▸ INPUT MATERIAL:
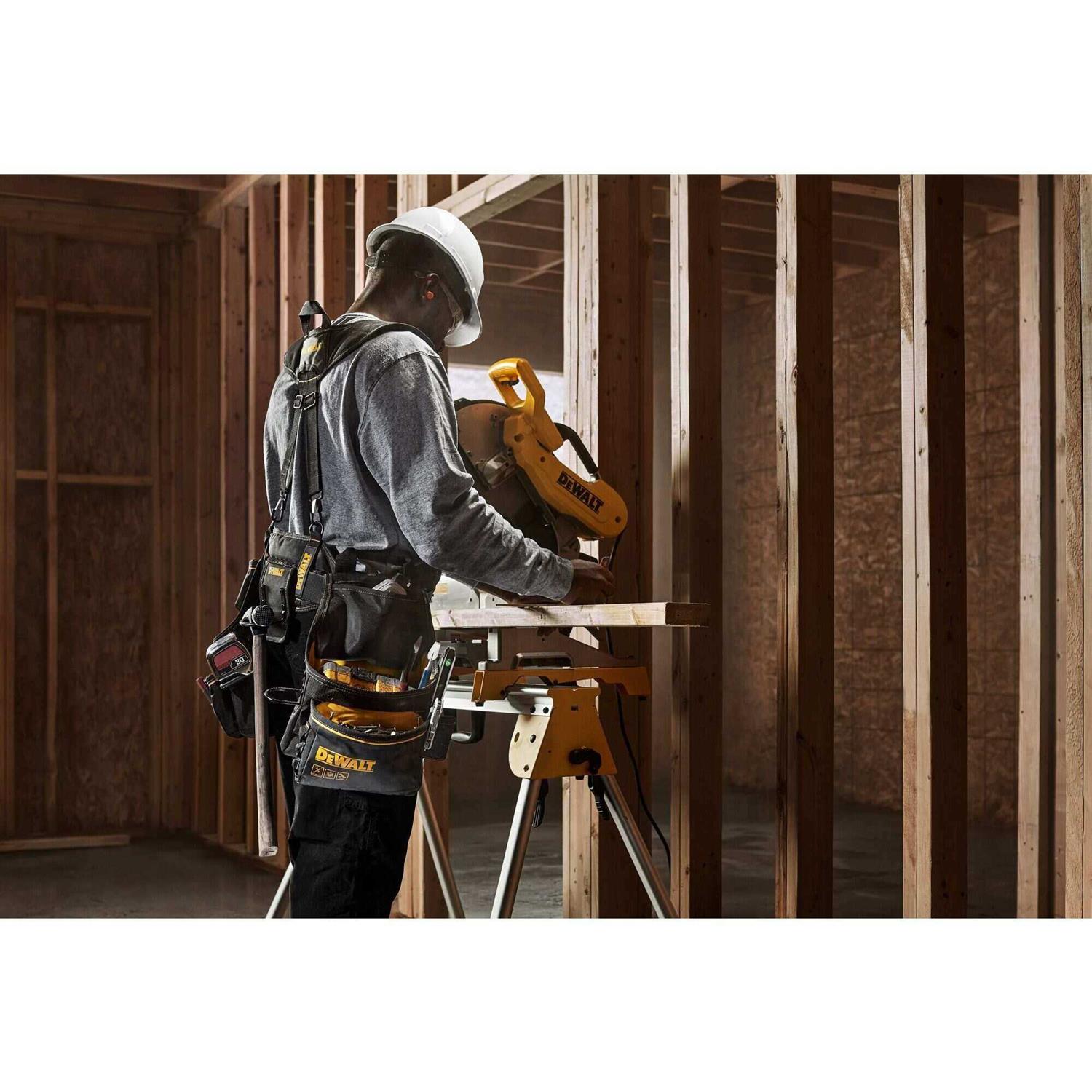 DeWalt Professional Tool Rig with Suspenders DWST540602 - Image 5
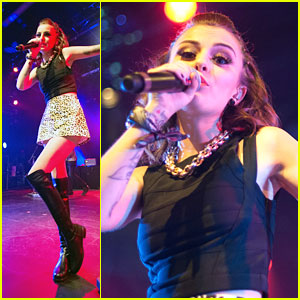 Cher Lloyd: New York City Concert Pics!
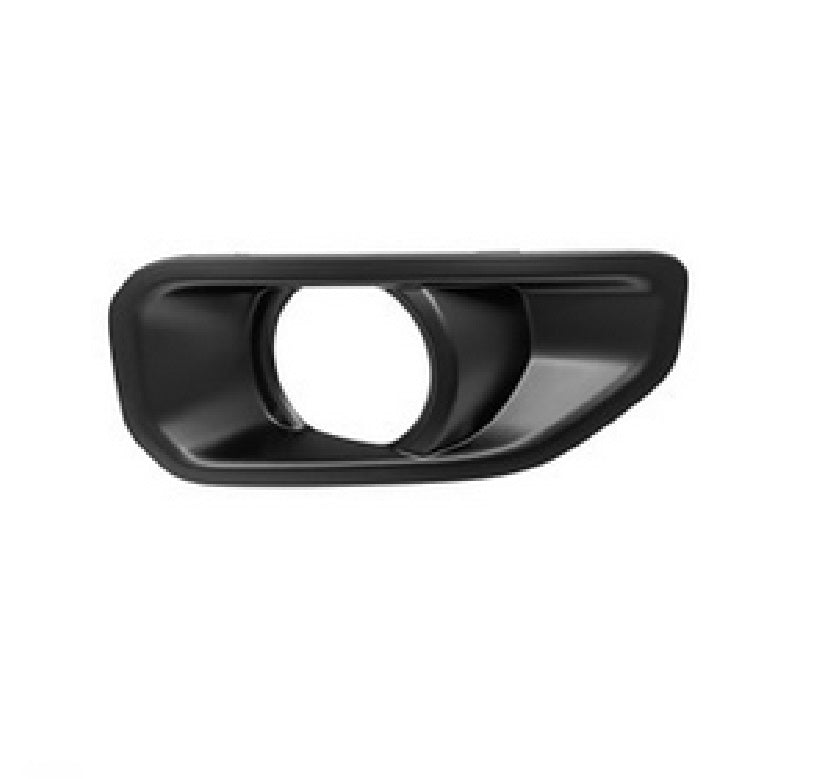 Fog Lamp Bezel Front Driver Side Black For Jeep - CH1038233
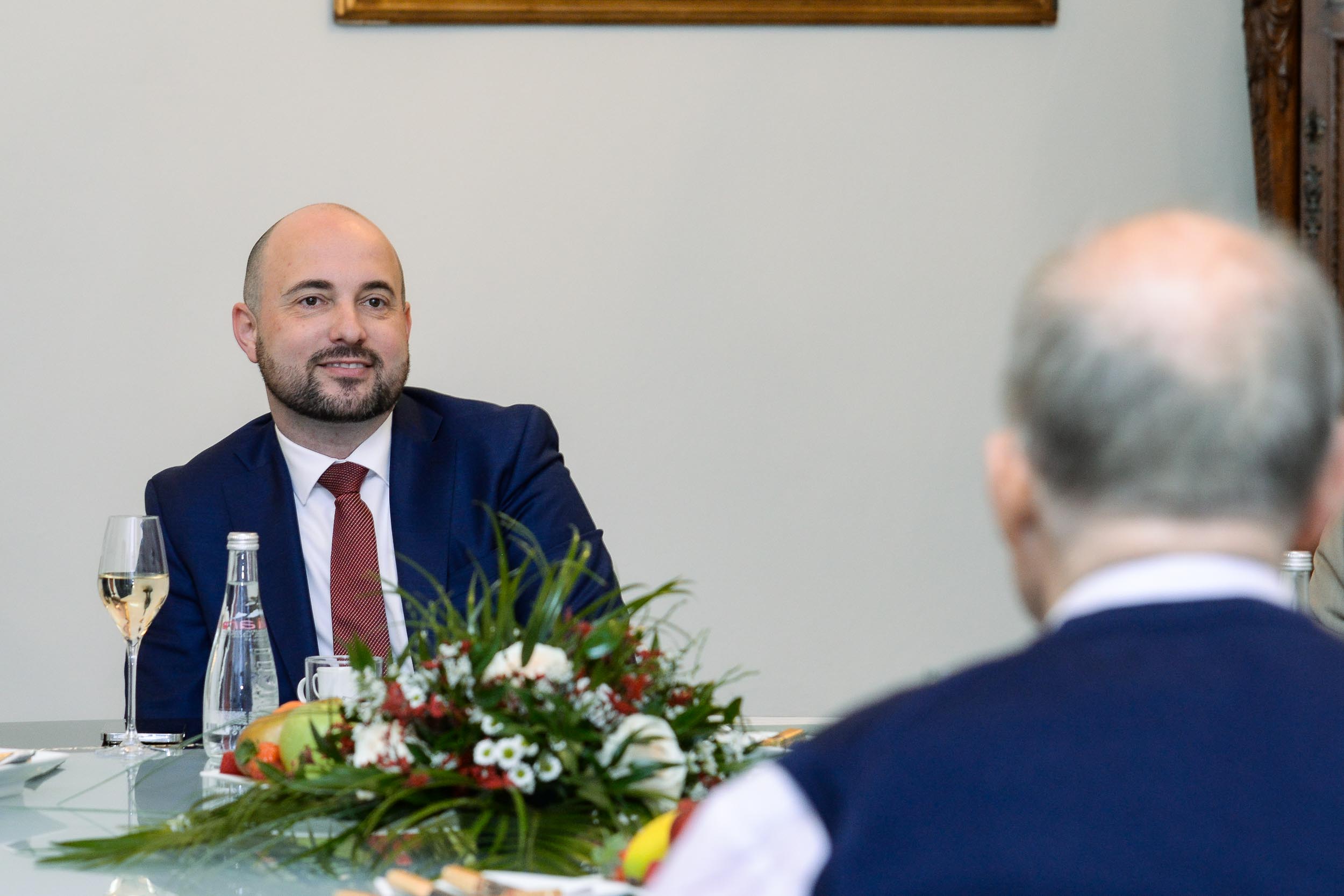 Mistr světa Rudolf Chroust oslavil pětadevadesátiny (foto: M. Pecuch, 9.1.2023)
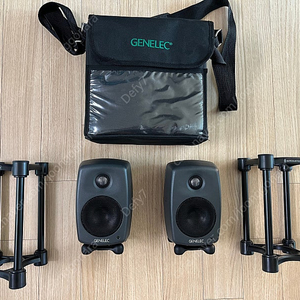 GENELEC 8010A 모니터 스피커 팝니다.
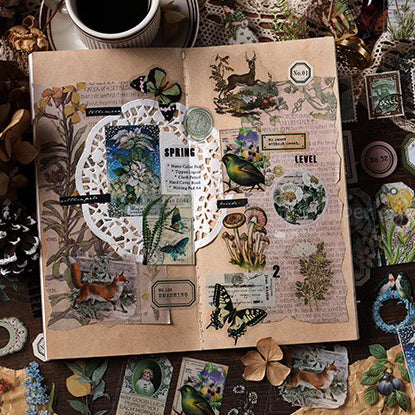 Taojo PET Sticker Book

▸ WHAT IS REQUIRED: Every entry above is to be copied verbatim, with the pictures removed.

▸ ANSWER SPACE:
 DeWalt Professional Tool Rig with Suspenders DWST540602 - Image 5
 Cher Lloyd: New York City Concert Pics!
 Fog Lamp Bezel Front Driver Side Black For Jeep - CH1038233
 Mistr světa Rudolf Chroust oslavil pětadevadesátiny (foto: M. Pecuch, 9.1.2023)
 GENELEC 8010A 모니터 스피커 팝니다.
 Taojo PET Sticker Book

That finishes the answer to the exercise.